On a sidenote it’s going to be close to 90 degrees on Friday and I think I’m going to die. It’s been high 60’s all month long, I’m not sure I can handle that type of weather especially since it was only 74 the other day and I felt like I was roasting. Me and the south would not get along. The only perk right now is that I can put my sneakers in my closet and wear flip flops and sandals like the ones from Naot. I loooooove flip flops and sandals. It might be my hatred for having socks and shoes on all the time though. Blah.

Spaying and shots

Tuesday, June 3rd, 2008

We called the vet today and found out that to get Pebbles spayed and her shots it’s going to cost about $190 and for layla close to $300 since she’s had puppies before. Shots for Shadow are $52 and then all 3 need to be licensed/renewed. Fun wow yes? I actually emailed the Erie county shelter because I believe they said they’d do Layla for $100 or less because it’s a low cost clinic. Obviously I’d rather do that. Pebbles is getting done as soon as she is 16 weeks (mid July). Animals are expensive but we love the little brats and have to take care of them.
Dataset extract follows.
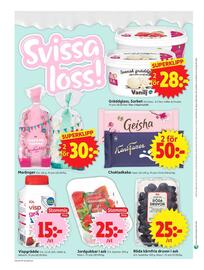 ICA Supermarket reklamblad vecka 10 Sida 10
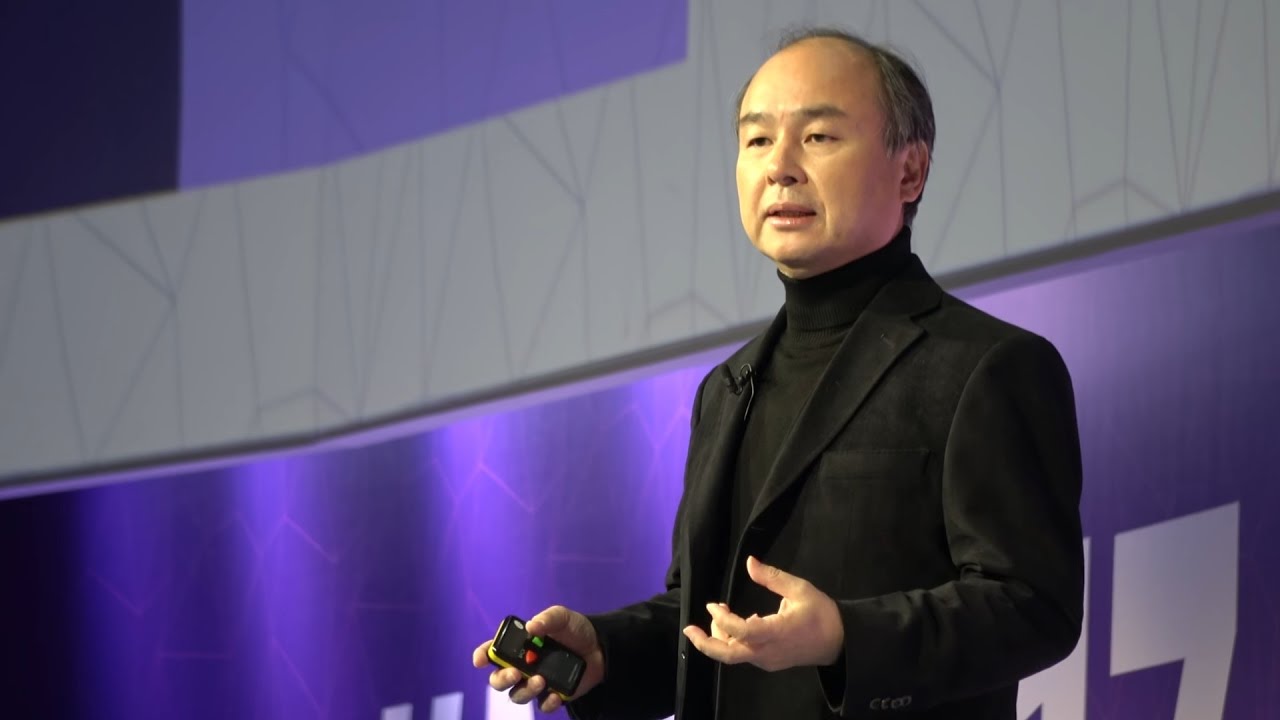 SoftBank’s Trillion-Dollar ‘Crystal Land’ in Arizona: A New Era for AI Manufacturing?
Speaking of care, Pebbles has a vet visit Friday. Her ears feel like they’ve got a big bubble or something in the flap. Swollen and kind of hard. They’re not hurting her and she’s not scratching at them or anything but I’d hate to have anything go wrong with them because I know if it’s a hematoma it can cause cauliflower ear and a lot of pain. Unfortunately for us, I spent my check yesterday before this was an issue since it randomly appeared last night. She should be fine until Friday though. They don’t seem to be getting worse either. My poor little brat though. Both her and Shadow slept with me all night. It was interesting trying to sleep with 2 dogs in my bed, one who sleeps right on my feet/blanket so when I get cold I can’t cover up enough. It makes my bed feel less empty though and considering how I’ve felt since Saturday I’d say it’s a good thing.